Restate the whole of the data below word for word, skipping the images.

Top of Input data

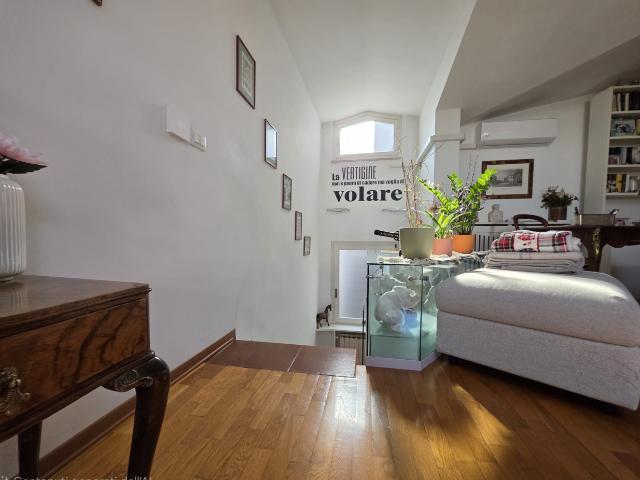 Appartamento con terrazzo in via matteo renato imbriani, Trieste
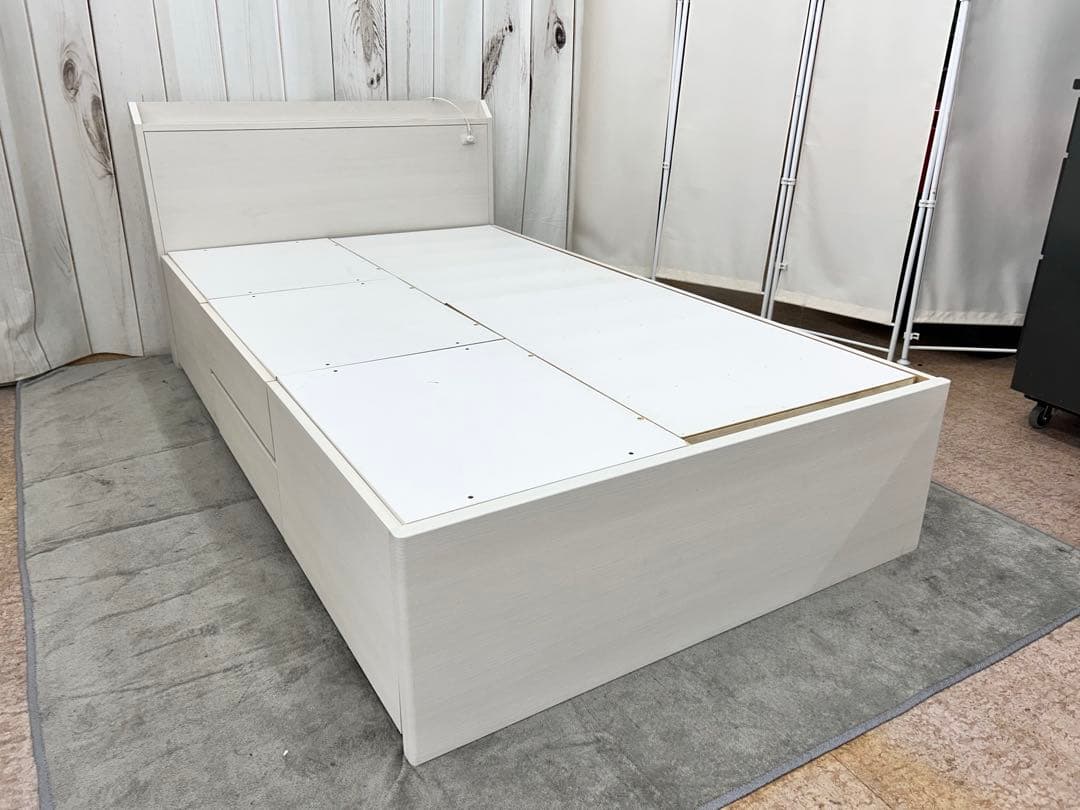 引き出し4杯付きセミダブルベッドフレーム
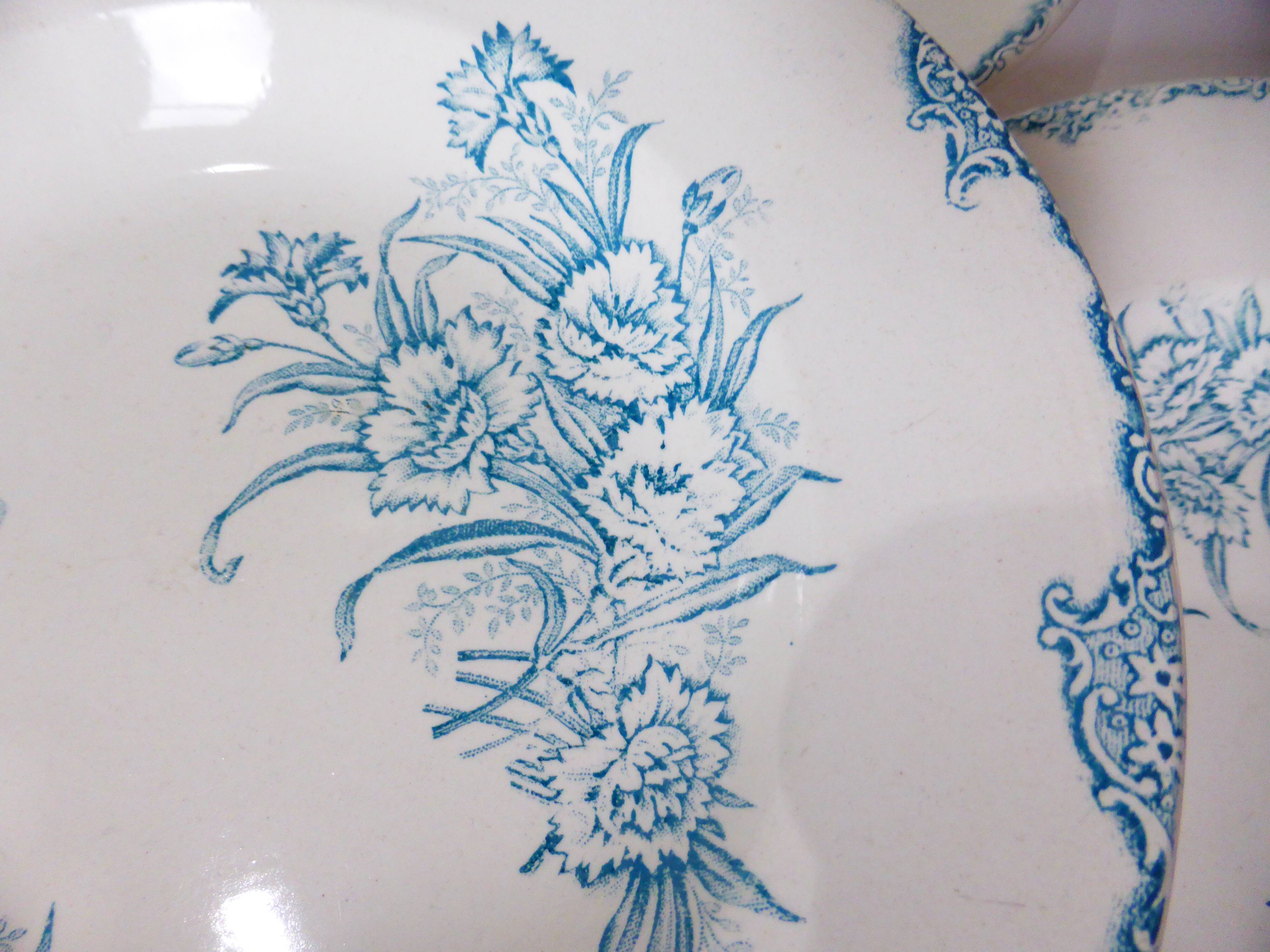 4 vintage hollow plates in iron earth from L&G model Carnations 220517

Bottom of Input data

Problem solution
 Appartamento con terrazzo in via matteo renato imbriani, Trieste
 引き出し4杯付きセミダブルベッドフレーム
 4 vintage hollow plates in iron earth from L&G model Carnations 220517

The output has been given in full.